International career^{‡}
- 2013–: Sierra Leone / 11 / (0)

= George Davies (footballer, born 1996) =

Sierra Leonean footballer

George Kweku Davies (born 16 November 1996) is a Sierra Leonean prfessional footballer who plays as a left midfielder for SKU Amstetten.

==Club career==
Davies has played youth football in Sierra Leone, Ghana and England for FC Johansen, Right to Dream Academy and Manchester City.

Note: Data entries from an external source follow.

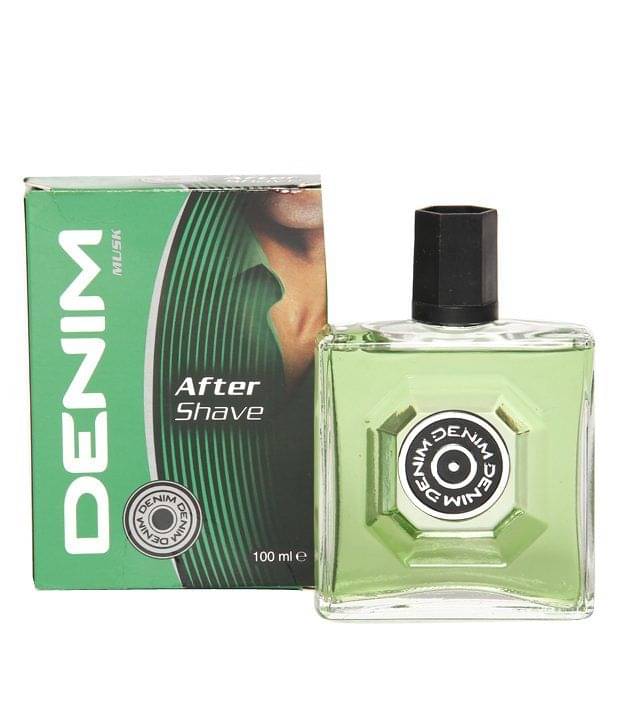     			Denim After Shave Musk 100ml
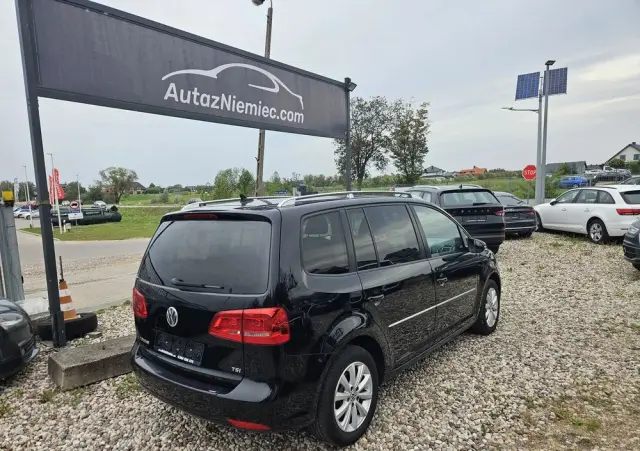 VOLKSWAGEN Touran 1.4 TSI BMT Highline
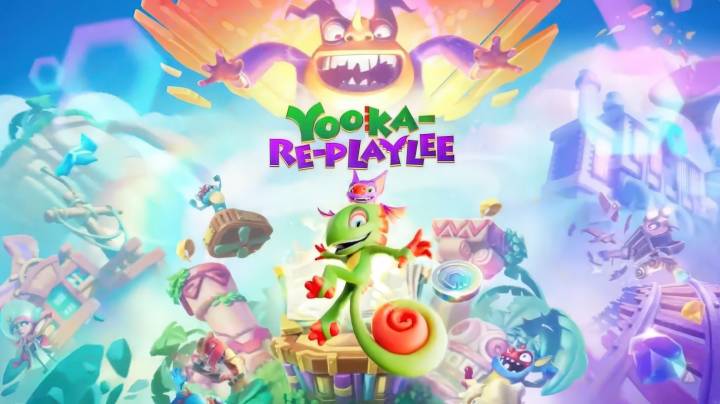 Yooka-Replaylee Only Runs at 30FPS on Nintendo Switch 2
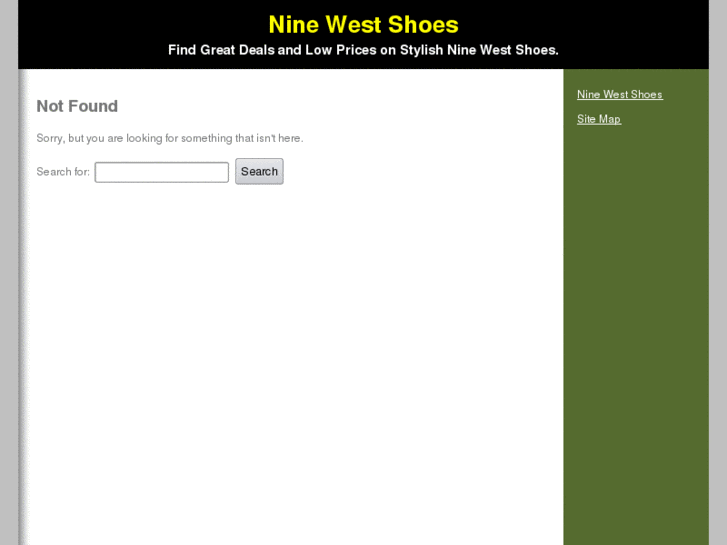 www.nine-west-shoes.org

Davies joined the youth team of German club Greuther Fürth in August 2014. In November 2014 he signed a professional contract with them which runs until June 2019. Davies made his first team league debut for the club on 16 December 2014 as a 71st-minute substitute in a 0-0 draw with VfL Bochum.

In January 2017 Davies joined the Austrian club Floridsdorfer AC on loan. On 19 July 2017, he joined SKN St. Pölten.

==International career==
After receiving his first call up to the Sierra Leone national team in August 2012, Davies made his senior international debut in 2013.